Interview with J. Louise Makary, Bradley Teal Ellis, David Rafael Botana, & Jonathan VanDyke:
JLM: Jonathan, in the studio you told the dancers, "Think about using the whole canvas, but don't worry about what marks you are making with the paint.
JVD: With the mark–making, it's like any work of art, you become too self-conscious and you lose it. The paint gives you a task, and the dirtier you get, the less self-conscious you become.
DRB: The paint is just "there." If I start to worry about it, it becomes a different dance.
JLM: What's it like to look at the painting once it's done? On the floor, on the wall? When it's cut up, can you still feel any connection between what you did/experienced with the object?

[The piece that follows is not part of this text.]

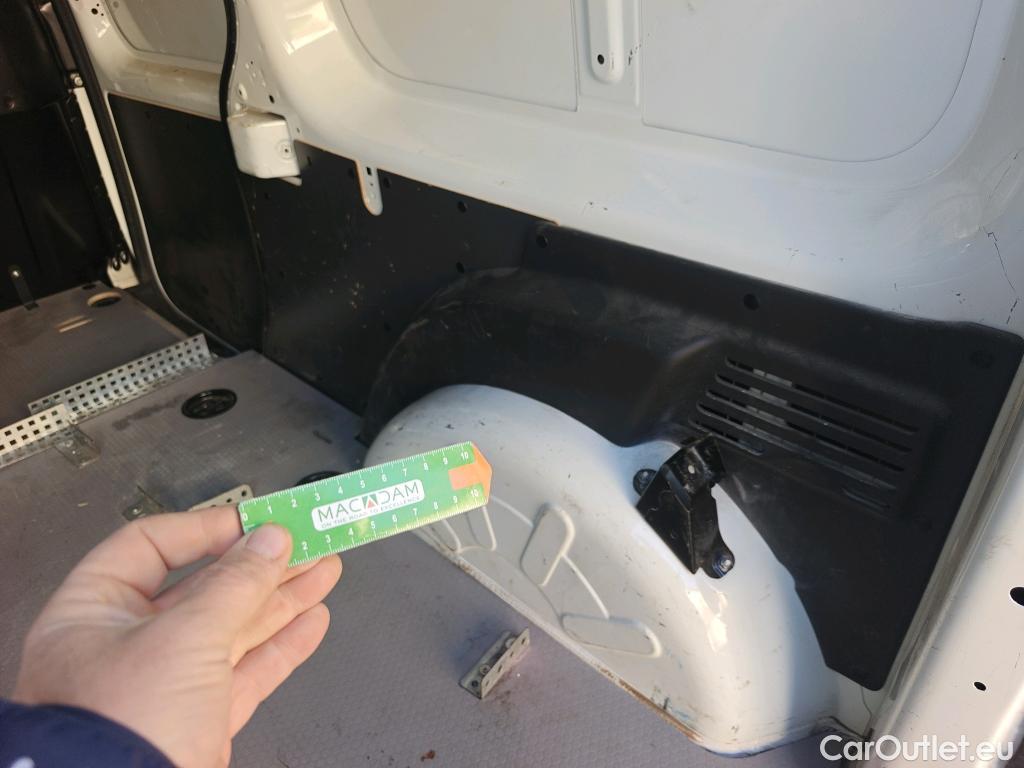  Renault  Kangoo RENAULT  Furgón/2013/4P/furgón derivado de turismo Maxi 2p Blue dCi 70 kW (95CV) #44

BTE: Often dance as performance can be fleeting, ephemeral. The opportunity to make lasting, tangible objects through dance has been a revelation.
DRB: That's also a reason why I have an issue calling our project just dance.
JLM: This is abstracted from what the performance with bodies looks like. So it's an interesting kind of document. It makes something unseen more visible. Certain aspects of the movement get transcribed in traces and permanent gestures – that's something a viewer cannot get from watching time-based dance unfold in three-dimensional space.
BTE: I almost view it as evidence of myself: I exist. I've been here. This is a cave drawing. A scar.